Créer du lien avec les habitants

Cet été les cimaises du Château accueillirent ainsi le travail d’une figure locale qui séjourna de 1960 à 1994 dans le village : « Andrew Mac Donald, un peintre doué d’un talent de coloriste aux origines danoises et écossaises, se promenait toujours en kilt dans nos ruelles. Il a beaucoup peint, peu vendu, mais beaucoup bu et aimé. Après sa disparition, sa famille nous fit don de 120 toiles. Dans son appartement sur les remparts nous avons trouvé un coffre entier de dessins réalisés depuis son arrivée dans le village ». En septembre c’est le collectif « Nan’art » qui prit la suite avec un accrochage réunissant six femmes artistes du cru. « Pour l’année prochaine, les débats sont ouverts, je serais tentée par la photographie après avoir accueilli avec le FRAC du 19 novembre au 30 mai 2010 les toiles abstraites de Didier Mencoboni ». Dans tout ce qu’elle entreprend, l’adjointe à la culture essaye de créer une dynamique permettant de fédérer les habitants autour des événements. « On s’est aperçu qu’en mixant les expositions avec des performances musicales, le public qui boude l’art contemporain finissait par se déplacer. Nous avons fait un ballon d’essai avec un quatuor de guitare qui s’est déplacé du hall du château aux salles du Frac où était exposés l’œuvre de Garouste ainsi que d’autres toiles assez sombres et tout le monde a suivi ! ». Sur ce principe, l’exposition autour du cirque à travers la collection d’Alain Frère fut relayée par les Nuits de Tourettes durant lesquelles les musiciens invités jouèrent des œuvres de Niño Rota. « Nous avons également profité du succès des Rendez-vous du Château dont les concerts affichent complet pour laisser pendant les entractes les salles d’exposition ouvertes au public ».

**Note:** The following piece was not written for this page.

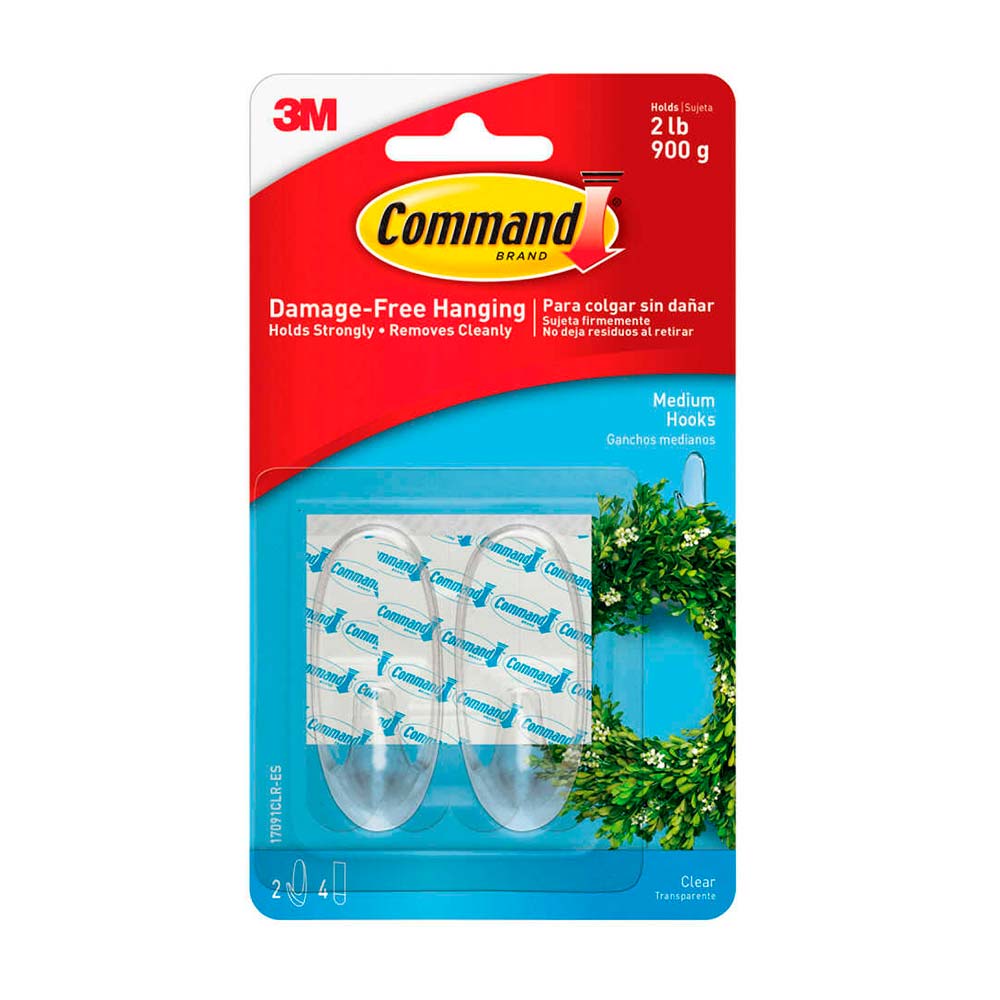 Gancho 3M Transparentes Medianos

« Je souhaite que le château redevienne ce qu’il a été : un lieu de culture ouvert à tous », conclut Evelyne Dubosq devant le bas-relief en bois sculpté de Robert Roussil qui habille son grand Hall et que la municipalité vient d’acquérir. Rouvrir le chemin de ronde en l’animant d’un parcours de mimes, transformer la tour de l’horloge en résidence d’artistes, l’adjointe à la culture fourmille de projets mais garde la tête sur les épaules car elle sait « qu’il y a encore du grain à moudre » dans ce village historique d’artisans.